What needs to be done — Nothing but the lines from the one containing "235/55R19 Bridgestone H/P 4шт" through the end of the entries below should appear in your answer, transcribed exactly; please drop the pictures.
-------- Data for analysis
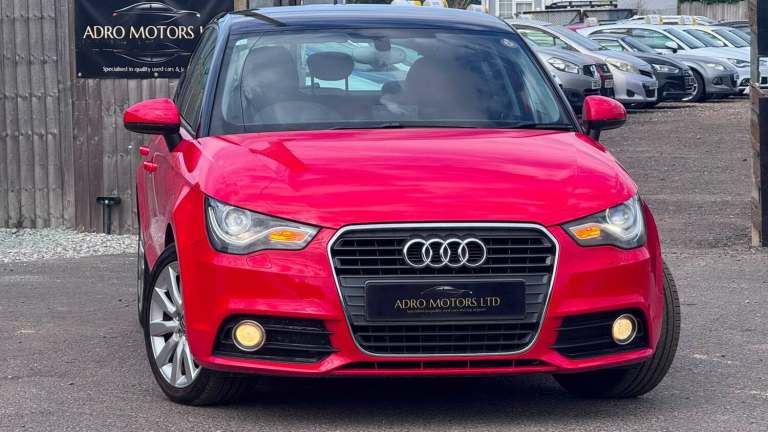 2012 Audi A1 1.4 TFSI Sport S Tronic Sportback 5dr Hatchback Petrol Automatic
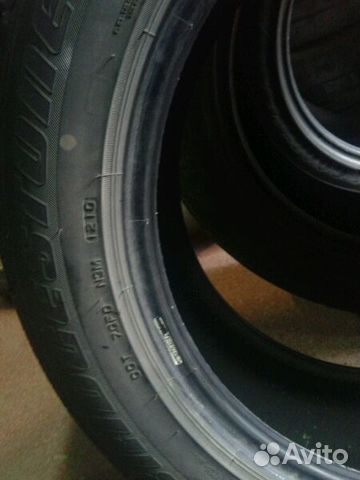 235/55R19 Bridgestone H/P 4шт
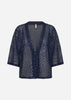 SC-ASIMA 2 Cardigan Dark blue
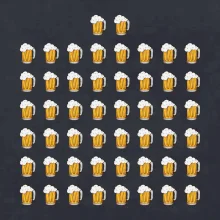 Narodeniny - 50x pivo Narodeniny - 50x pivo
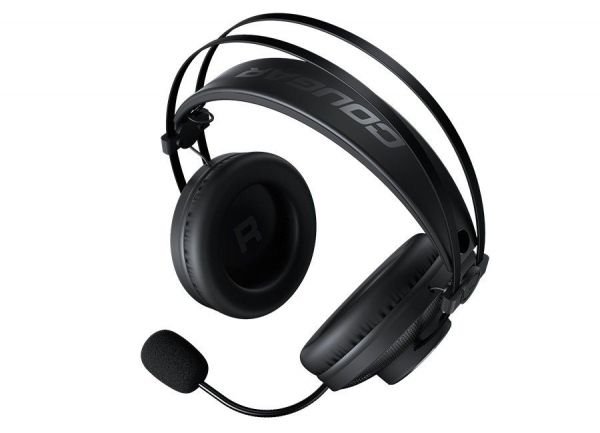 ��������� Cougar Immersa Essential Black, Mini jack (3.5 ��), ��������, �������, ������ 1.6 � - �������� 6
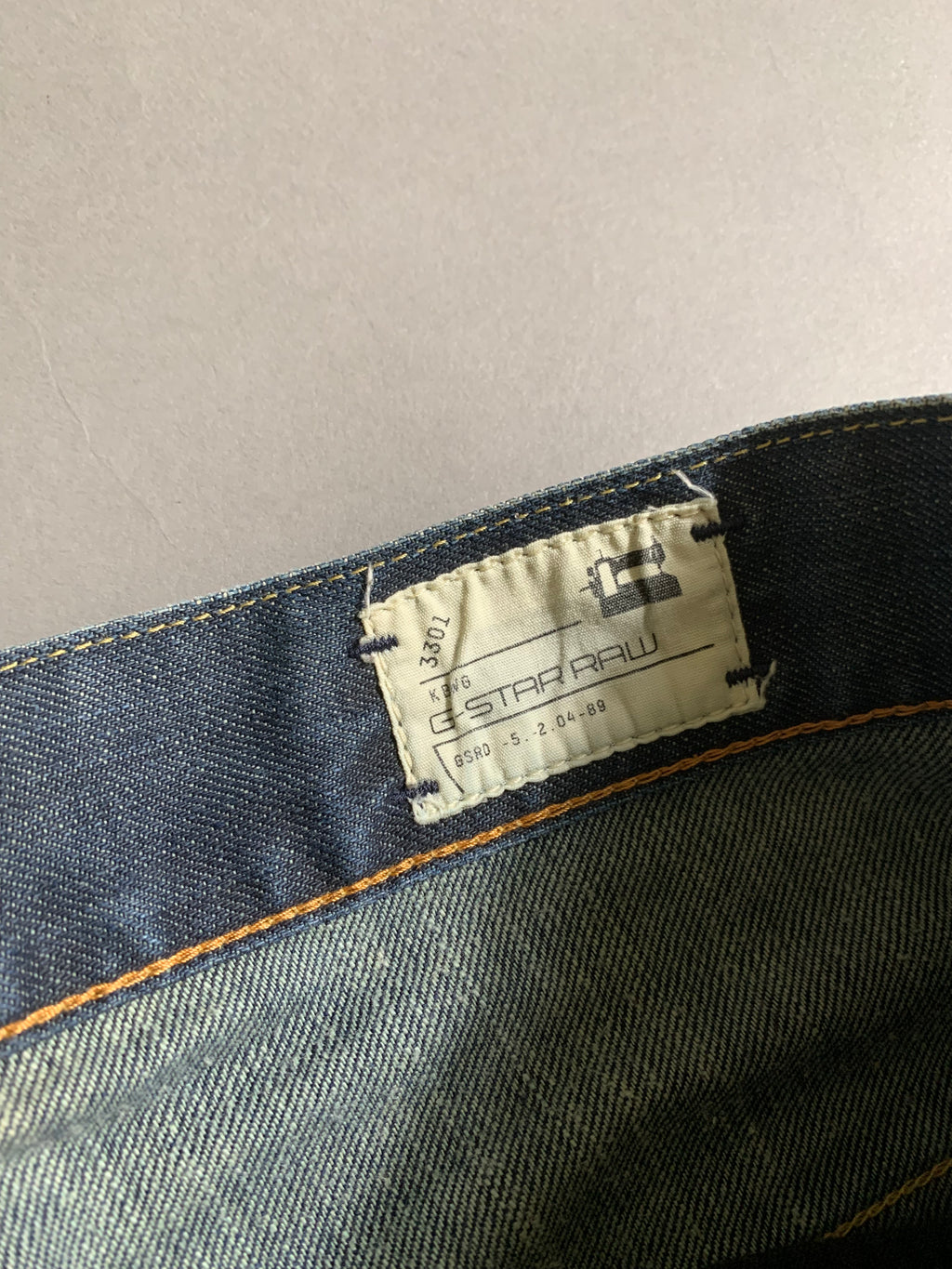 G-Star Raw Jeans Vintage Y2K Straight Leg Baggy Jeans M Mens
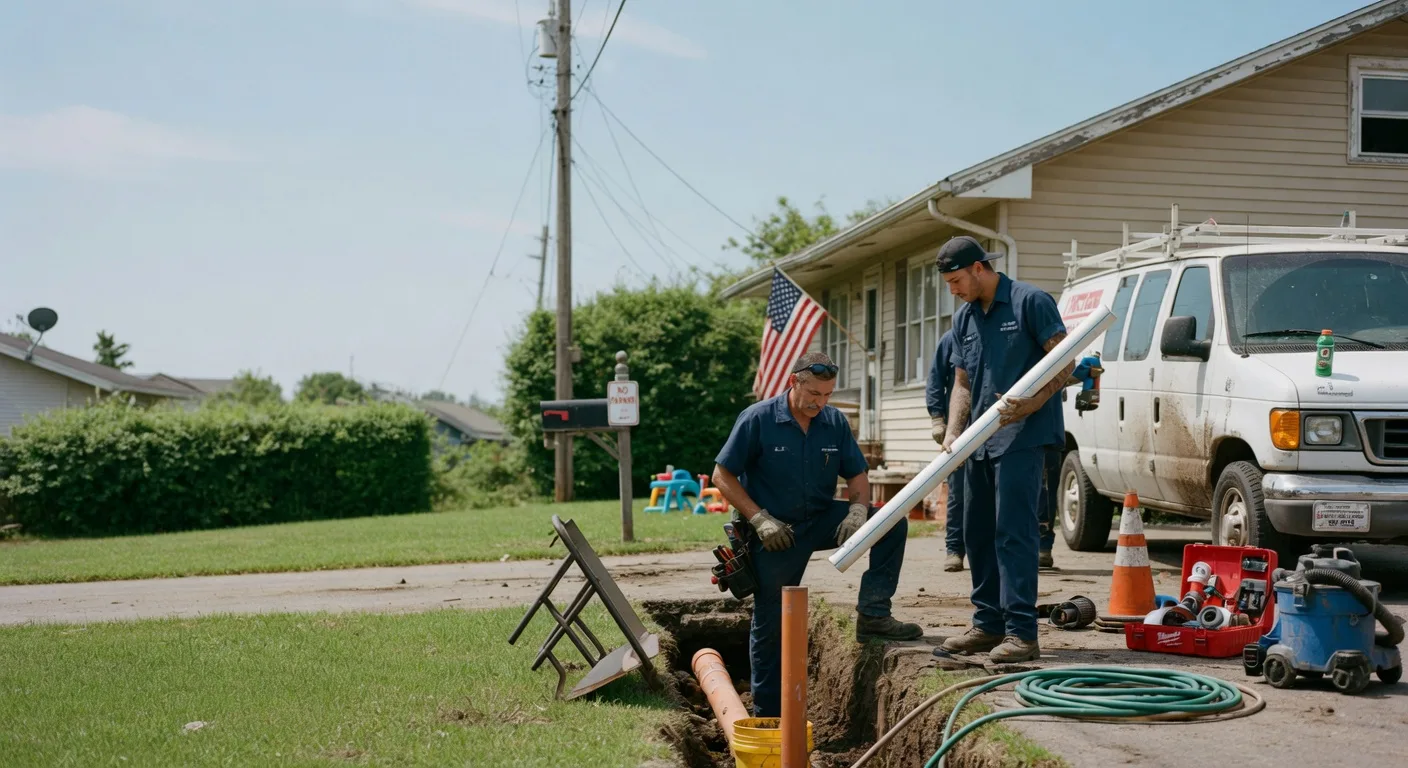 Drain Cleaning in Ronceverte, WV near me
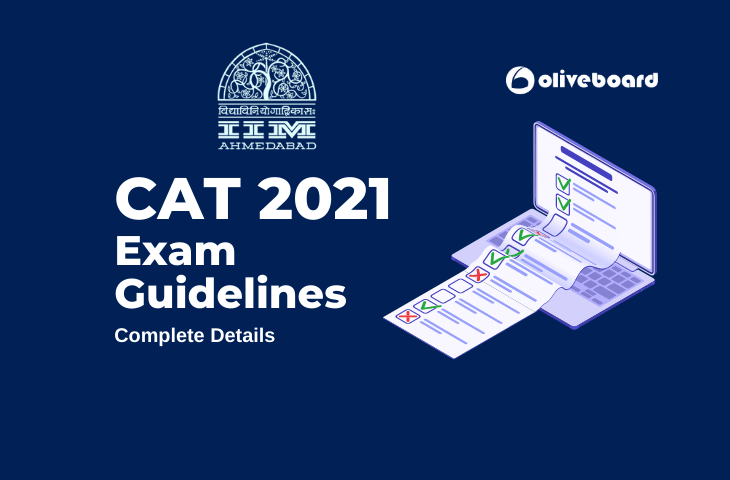 CAT 2021 Exam Guidelines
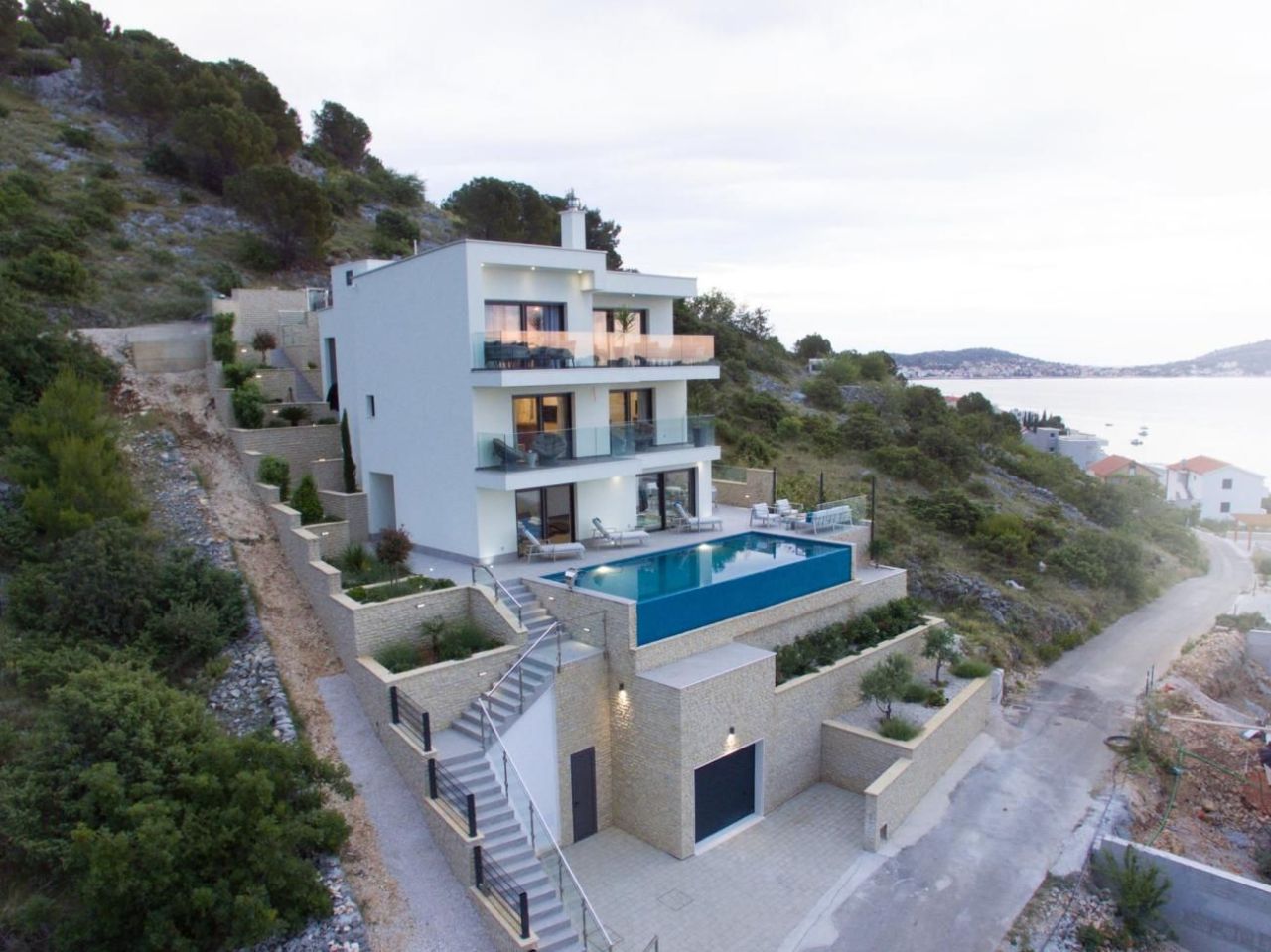 Villa in Rogoznica, Kroatien, 330 m² - Foto 1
----------------
Reply —
 235/55R19 Bridgestone H/P 4шт
 SC-ASIMA 2 Cardigan Dark blue
 Narodeniny - 50x pivo Narodeniny - 50x pivo
 ��������� Cougar Immersa Essential Black, Mini jack (3.5 ��), ��������, �������, ������ 1.6 � - �������� 6
 G-Star Raw Jeans Vintage Y2K Straight Leg Baggy Jeans M Mens
 Drain Cleaning in Ronceverte, WV near me
 CAT 2021 Exam Guidelines
 Villa in Rogoznica, Kroatien, 330 m² - Foto 1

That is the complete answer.